**EXERCISE:** Print the lines that run from the line with "Bryan Smith" to the line with "9705 ASBEL ESTATES", keeping both end lines, exactly as they appear in the entries below, and nothing else.
Start of DATA PROVIDED
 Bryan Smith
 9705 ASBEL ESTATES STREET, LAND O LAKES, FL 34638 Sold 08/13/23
End of DATA PROVIDED
Start of DATA PROVIDED
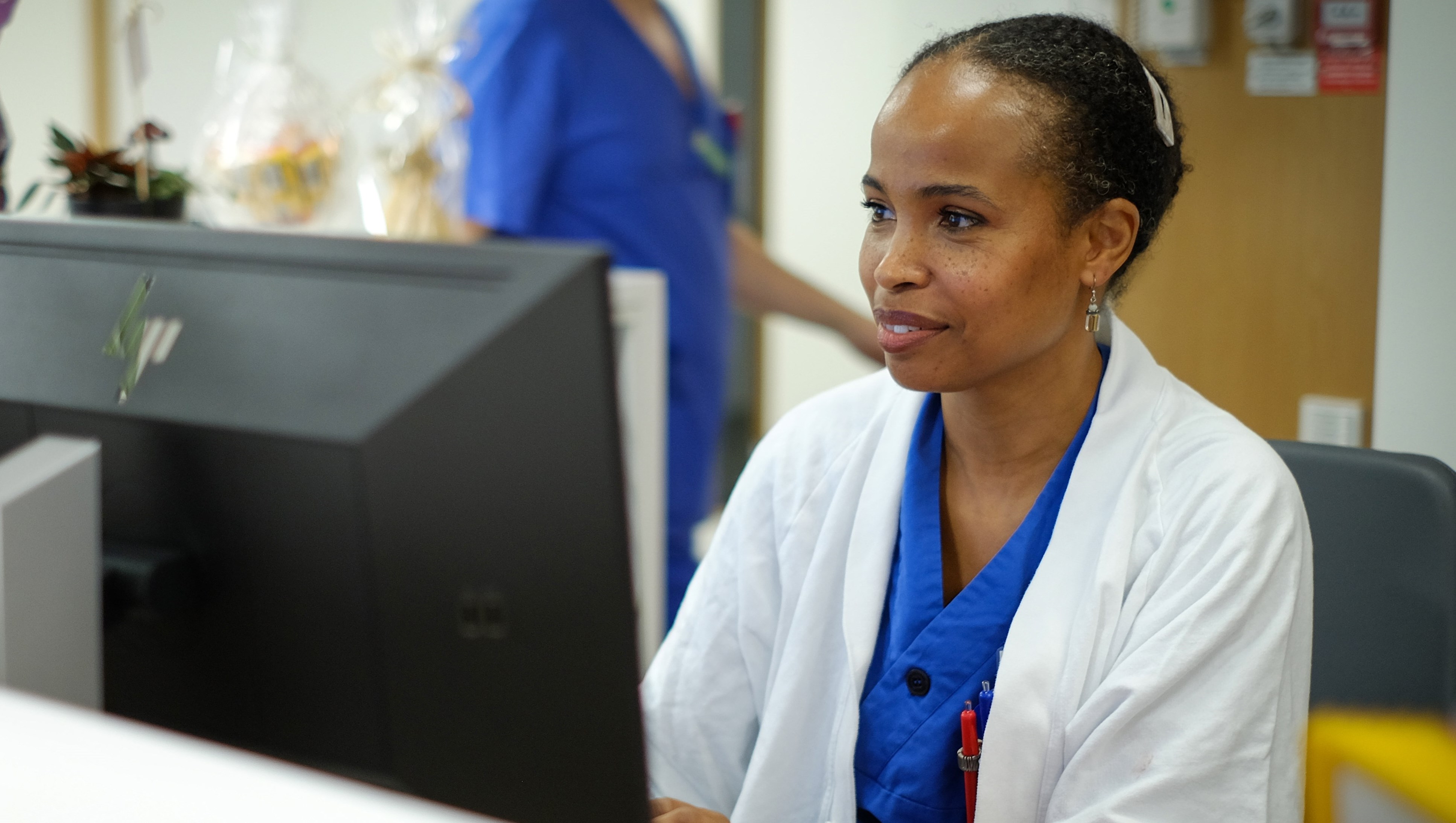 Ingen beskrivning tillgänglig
End of DATA PROVIDED
**THE ANSWER:**
 Bryan Smith
 9705 ASBEL ESTATES STREET, LAND O LAKES, FL 34638 Sold 08/13/23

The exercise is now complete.